Clive Bates, the head of Counterfactual Consulting and the former director of Action on Smoking and Health (ASH-UK), announced the revelation this morning in a blog post. The analysis was based on documents that were leaked from EU agencies. A article on the covert scheme was also published today in the Swedish newspaper Skaraborgs Nyheter.
Encouraging the European Commission, which will be the only voting EU delegate to the tenth Framework Convention on Tobacco Control (FCTC) Conference of the Parties (COP10), to vote in favor of proposals that have not been discussed or approved by the European Parliament is the main plan hatched by bureaucrats in the European Commission and European Council. In other words, EU health bureaucrats might strive to merely impose rules they prefer, bypassing democratic processes altogether.

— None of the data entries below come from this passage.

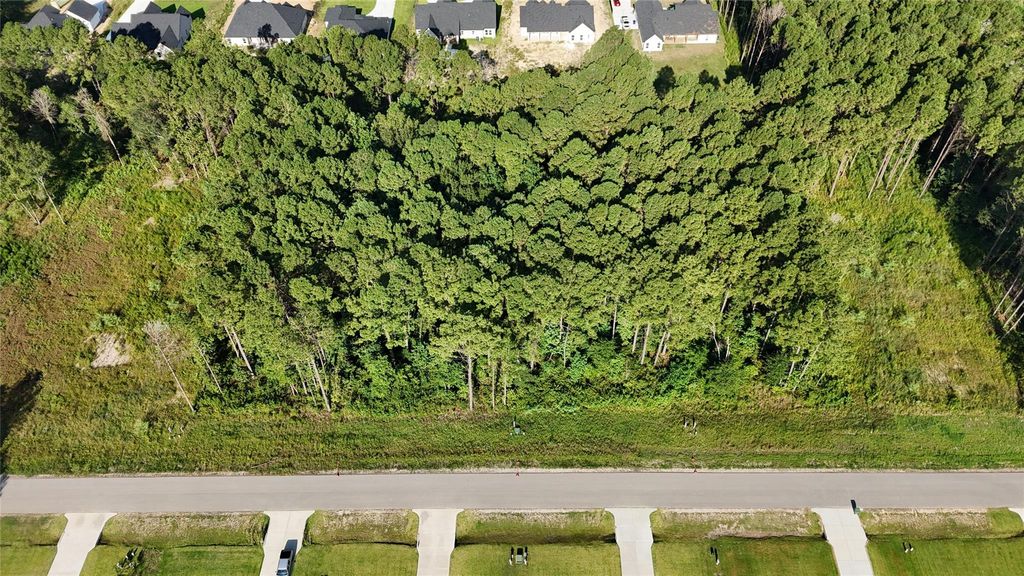 Photo of 3167 Road 66125, Dayton, TX 77535 (MLS # 86464633)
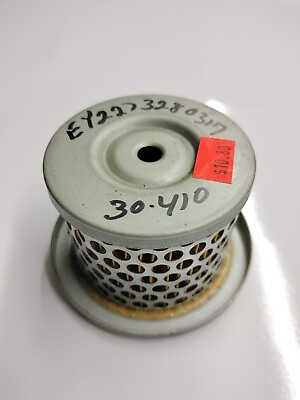 NEW OLD STOCK OREGON 30 410 AIR FILTER REPLACES WISCONSIN ROBIN EY2273280317 #ad #ad $5.19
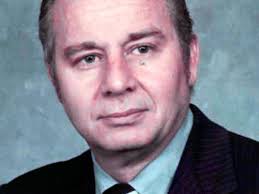 Dr. Ronald Freeze Bunn, Aug. 11, 1929 — July 27, 2018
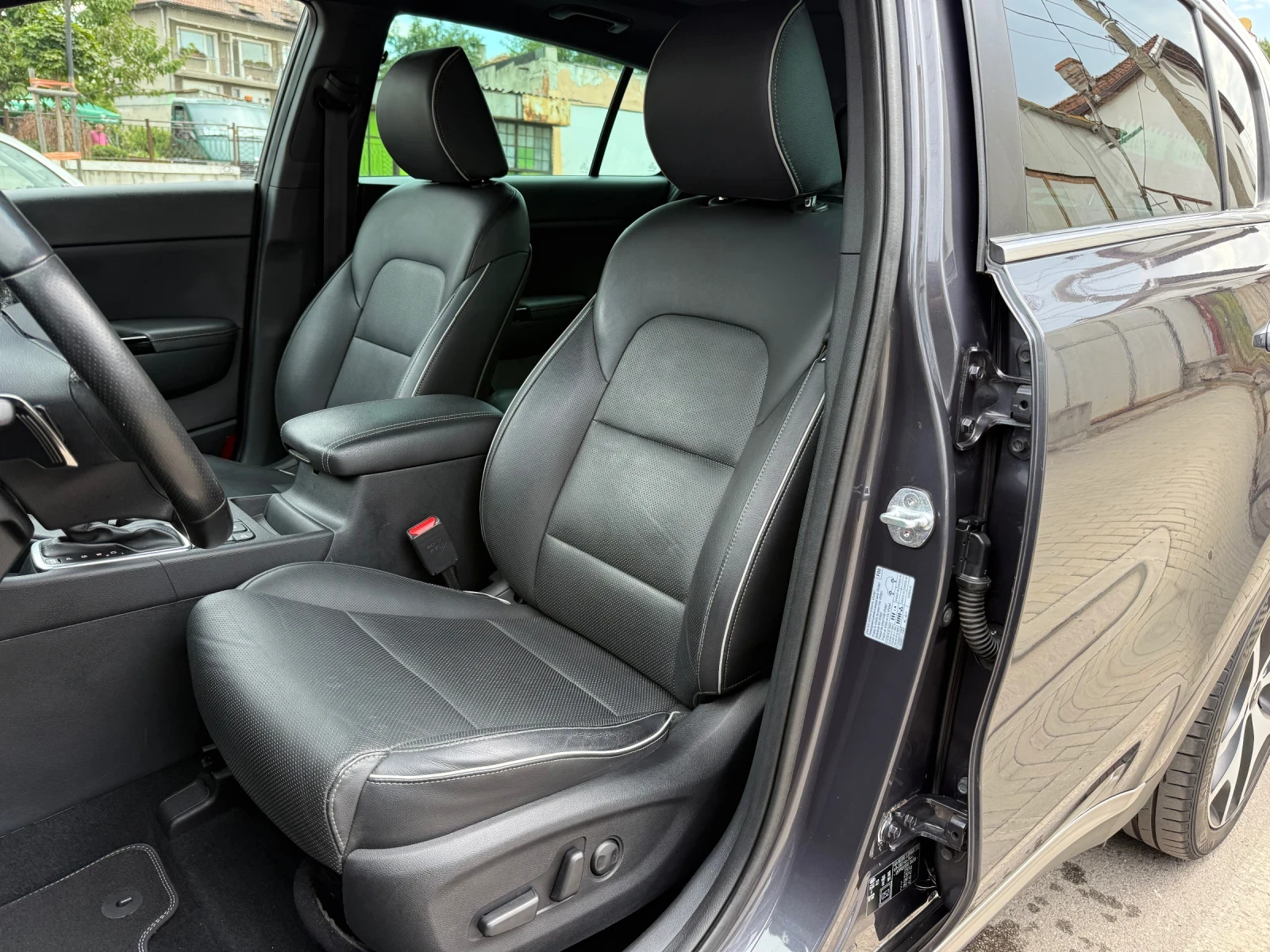 Kia Sportage GT Line/4x4///   | Mobile.bg   9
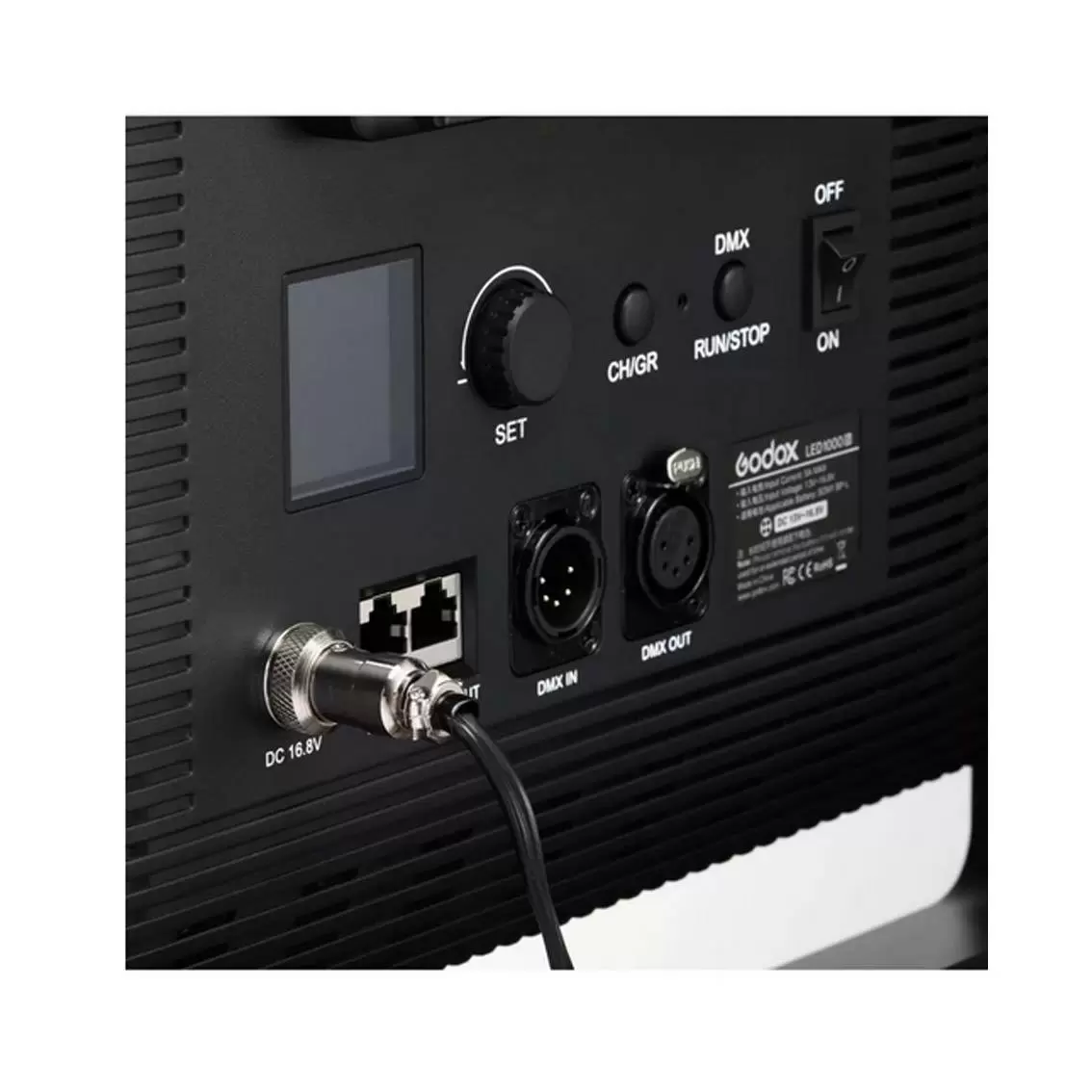 پروژکتور گودکس Godox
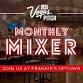 Monthly Mixer event image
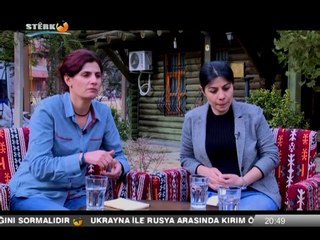 Özel Proğram : Berfin emektar - Pelin Yılmaz - Hamide Yüksel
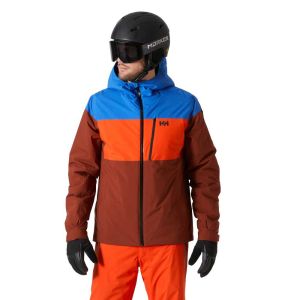 Prezzi Helly hansen giacca gravity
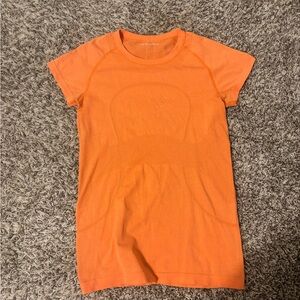 Lululemon Swiftly Tech Top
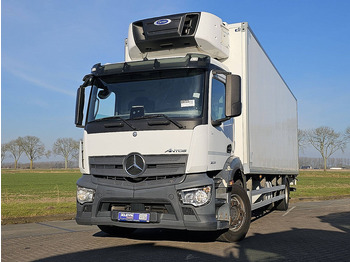 Refrigerator truck MERCEDES-BENZ Antos 1830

In a question that was not made public, a Swedish member of the European Parliament asked the European Commission on October 13 that "the proposal empowers the Commission to change the EU position 'during on-the-spot coordination meetings, without a further decision of the Council."

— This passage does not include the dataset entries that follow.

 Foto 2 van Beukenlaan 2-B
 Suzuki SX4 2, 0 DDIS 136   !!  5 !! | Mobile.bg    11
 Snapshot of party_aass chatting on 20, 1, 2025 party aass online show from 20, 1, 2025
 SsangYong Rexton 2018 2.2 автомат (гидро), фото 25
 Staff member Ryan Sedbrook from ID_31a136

EU Bureaucrats Wish To Give Up On Democracy.
The European Council will vote on the Commission's plan this week in a formal decision that is not available to the public. A qualified majority, or at least fifteen of the 27 EU member states, representing at least 65 percent of the EU's population, is required for it to pass.
It would take the backing of at least four nations, collectively accounting for at least 35 percent of the world's population, to block the proposal. Likely to oppose the initiative are numerous Eastern European countries as well as Sweden. Poland might also be against it. However, it might take the population of at least one of the major Western nations—France, Germany, Italy, or Spain—to reach the threshold required to thwart the plan.
According to Bates, the Council is presently drafting a text that will outline the EU's positions at the COP summit. The latitude at which Commission representatives must negotiate these views will also be specified in that text. Under the proposed strategy, elected EU officials would no longer be able to endorse views that are more restricted than those that Commission negotiators could vote for.
In essence, all 450 million EU citizens would have unrestricted negotiation power on behalf of themselves through representatives of the EU Directorate-General for Health and Food Safety (DG SANTE), the European Commission's health office.
"The process is completely opaque—neither the parliament nor the public consultation are involved," claims Clive Bates. "The European Union negotiators have the freedom to adopt a more confrontational approach when necessary, and they will arrive in Panama for the COP-10 with hidden positions that impact the health of millions of citizens of the EU."
After much research and discussion, the European Parliament votes on a number of directives that establish EU tobacco policy. Member states have to amend their own legislation to comply with EU directives when they are passed. However, the scheme hatched by bureaucrats at the Commission would ignore the legal system and compel the EU Parliament and member states to abide by the FCTC's rulings.
According to Bates, "they intend to evade public and parliamentary scrutiny and settle it all in the closed groupthink bubble of COP-10 in Panama, in the final weeks of November." "After that, present a fait acomplis to the European Parliament and public."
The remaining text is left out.